In 2005, the University celebrated the inauguration of the first 8 Endowed Professorships,
a milestone in the University's history.
To date, a total of 120 Endowed Professorships have been established.
The Hung Hing-Ying Family

Mr and Mrs Hung Hing-Ying Professorship in the Arts

"The arts are an important part of our culture and education. According to the records of the Grand Historian (史記), Confucius taught his students poetry, history, ethical philosophy and music; and these are subjects taught at the Faculty of Arts. As descendants of Confucius, we believe that the arts are a vital component of a university education and it is our wish that the arts in various forms will continue to be taught, promoted and cultivated at HKU and in society through this endowment."

The Hung Hing-Ying Family
Appointment to be announced

Appointment to be announced

Daniel K L Chua

Appointed in 2018

It is often said that music is beyond words. But this does not mean that it is without meaning, merely mumbling to itself in the corner of the university. In fact, music is everywhere; it is with everyone in their everyday lives, shaping and accompanying everything we do. So even if music is famously inarticulate, it tacitly gives meaning, makes meaning and, in some cases, is meaning. It is a truly multidisciplinary medium that touches our world, from the vastness of the cosmos to the tiny little dot we call the self; its movement is reflected in the motion of the stars as well as the emotions of the human being; it is feeling and will, both somatic and spiritual; and, in its intellectual history, it has navigated the pages of theology, philosophy, cosmology, physiology, psychology, medicine, physics, biology, mathematics… Music is significant. What Professor Daniel Chua Kwan-Liang tries to do as a musicologist is to bring out in words these meanings that are seemingly beyond words in order to demonstrate how human identity and its forms of knowledge are conditioned by music.

Professor Chua is a Professor and Chair of the Department of Music at The University of Hong Kong (HKU) and is also the holder of the Mr and Mrs Hung Hing-Ying Professorship in the Arts. Professor Chua is an internationally renowned musicologist and a recognised expert on Beethoven and the intellectual history of western music. 

Professor Chua has written widely on music: from Monteverdi to Stravinsky; from issues of gender to the question of freedom; and from the analysis of a single chord in the Rite of Spring to the development of a new music theory inspired by NASA's Voyager missions. His work is known for raising social, political, theological and philosophical issues in the study of music history and theory. His research is shaped by a triptych of monographs - The 'Galitzin' Quartets of Beethoven, Absolute Music and the Construction of Meaning, and Beethoven and Freedom - that focus on the meaning of western music in the formation of the modern self. He illuminates how music is central to the way humanity makes sense of the world. He is currently part of the leadership team of several theologically inflected projects with Yale and Duke Divinity Schools involving music, and is working on a book with a scholar at Harvard modestly entitled Towards an Intergalactic Music Theory of Everything.

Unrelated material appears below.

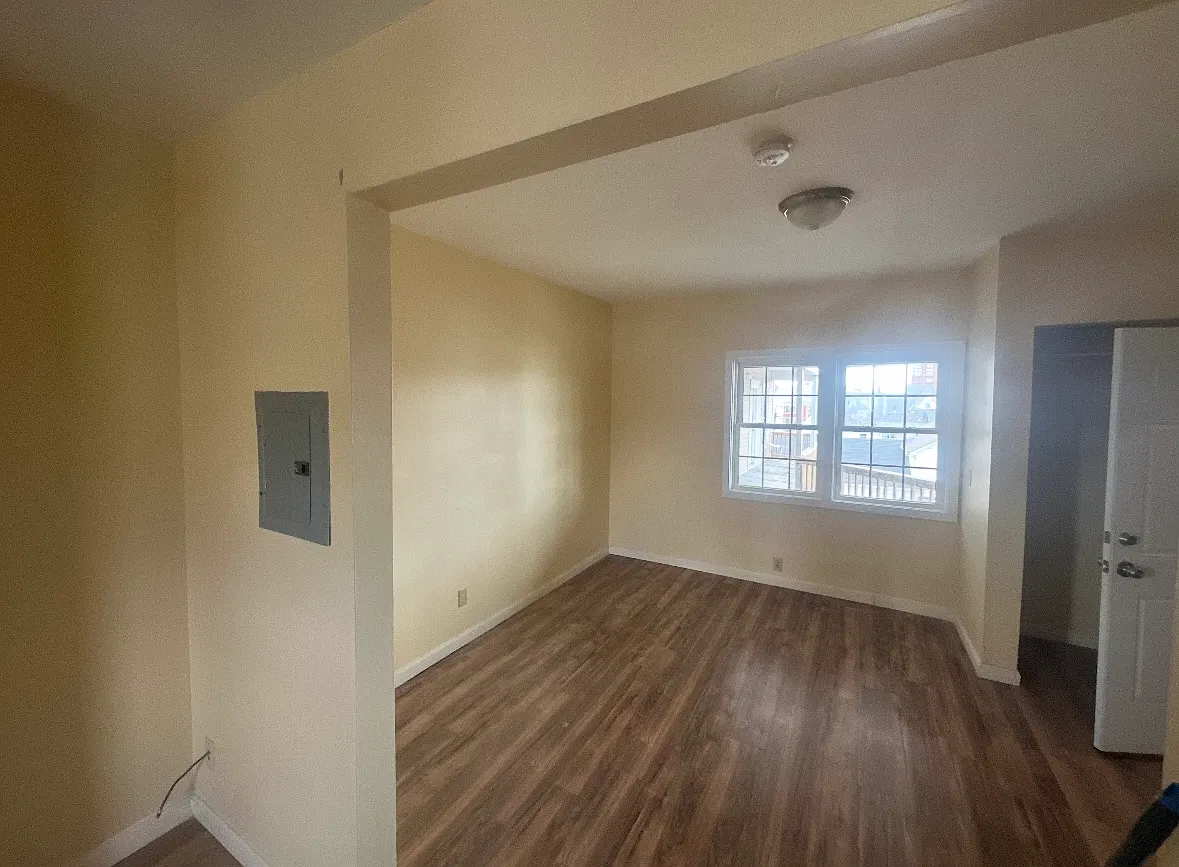 Studio, 450 sqft, $1,400 — Photo 2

As an advocate for the arts at the University, Professor Chua has founded various on-going projects including the Cultural Management Office, the HKU MUSE concert series, the Advanced Cultural Leadership Programme, Faith and Global Engagement, the Centre for Humanities and Medicine, and the Summer Institute in the Arts and Humanities. As a publically engaged academic, he has held dialogues with thought leaders and major cultural practitioners, including Ang Lee, Evgeny Kissin, Tony Blair, Angela Hewitt, Yip Wing-Sie, Canon Andrew White, Krzysztof Penderecki, and Lang Lang.

He earned his BA, MPhil and PhD in music from the University of Cambridge. Before joining HKU to head the School of Humanities, he was a Fellow and Director of Studies at St John's College, Cambridge, and later a Professor of Music Theory and Analysis at King's College London. He was a Visiting Senior Research Fellow at Yale University (2014-15), a Henry Fellow at Harvard University (1992-93), and a Research Fellow at the University of Cambridge (1993-97). He was the recipient of the 2004 Royal Musical Association's Dent Medal. He was the Editor of Music & Letters, and is a member of major advisory and editorial boards, and has served on the European Research Council grant panel, and Board of the Hong Kong Philharmonic. In 2017, he was elected as the first non-European President of the International Musicological Society in its 90-year history, representing the recognition of Asia as a vital scholarly force within the discipline and highlighting the University on the musicological map.